Shelley Powers recently made a good faith effort to create a Formal Objection; however, to date I have not found a way to treat it as such.  The concern is certainly valid, but we need to find a process for dealing with the issue, and this post is a part of the process for determining the process.

The concern is that Ian made a decision to remove two subsections in his draft HTML5 spec in which codecs would have been required and that such a decision was widely viewed as a decision by the W3C.  It was not, in fact, a decision by the W3C, and as such it is not a subject to a Formal Objection.  But I can’t escape the fact that the perception exists, and is widely held.

Before proceeding, I wish to compliment Ian for making a decision.  This is not a topic with obvious answers.  On one hand, I believe that marketplace should sort out the codecs situation.  On the other hand I do not believe that the current draft contains enough information by itself to ensure interop.

Ian also took the opportunity to provide some insight into his decision making process.  In doing so, he created an impression that Apple had exercised a unilateral veto.  I believe that such an impression is unfortunate, counter-productive, and not in line with my understanding of either W3C or WHATWG processes.  In particular, I actually believe that the accepted goal of the WHATWG was two complete and bug-free implementations in 2022.  I do not believe that Apple’s participation is required to meet that goal.  In particular, I believe that there are at least three implementations today which could form the basis for meeting that goal, with required codecs, namely the browsers produced by Mozilla, Google, and Opera.  Nor do I believe that Ian has talked to anybody who can say with absolute certainty what Apple will or will not support by 2022, as I don’t believe that such a person exists.

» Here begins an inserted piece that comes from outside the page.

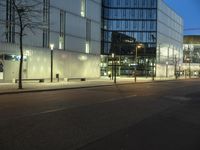 a paved street in the middle of buildings with tall windows at night, with car lights on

That still leaves the matter of the public impression.  I will start by saying that I feel no compelling need to correct the impression at this time.  I believe that the correct way to address the mis-impression that the W3C Working Group has made a decision is to actually make a Working Group decision.  Meanwhile, I am posting this publicly, both on my blog and on public-html.  I harbor no illusion that it will be sufficient to correct the misunderstanding.  If anybody feels so inclined, feel free to refer people to this.

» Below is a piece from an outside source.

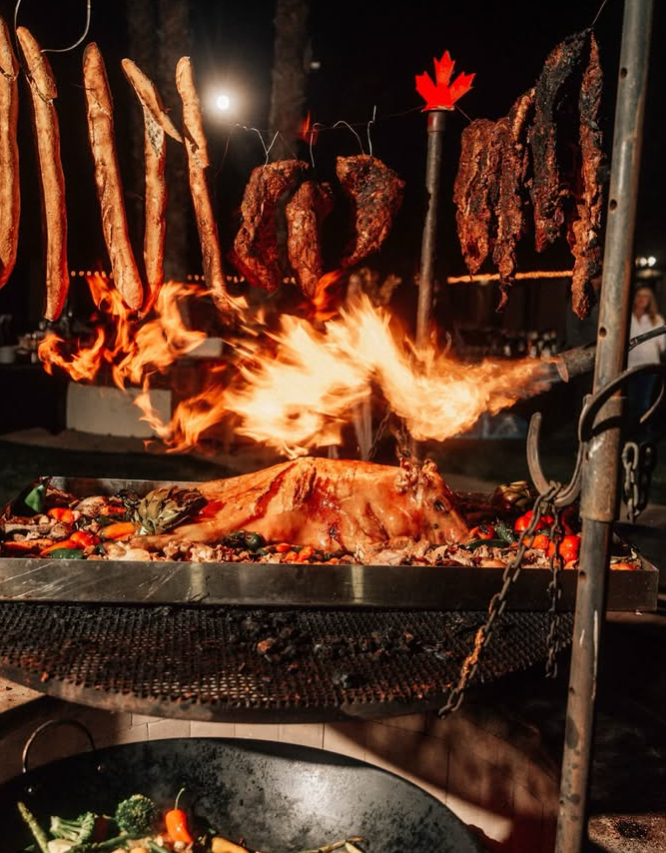 A bunch of food is cooking on a grill with a maple leaf in the background.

For the Working Group to make a decision, we need something concrete to express an opinion on.  Which means that we need some text, be it some sort of resolution or (my personal preference) some concrete spec text.  My reasons for preferring the latter is that spec text is both more durable and less ambiguous than resolutions.  I’m particularly skeptical about resolutions that take the form of “I think that somebody (other than me) should do the following” in general, and “make the editor do this (against his better judgment)” in particular.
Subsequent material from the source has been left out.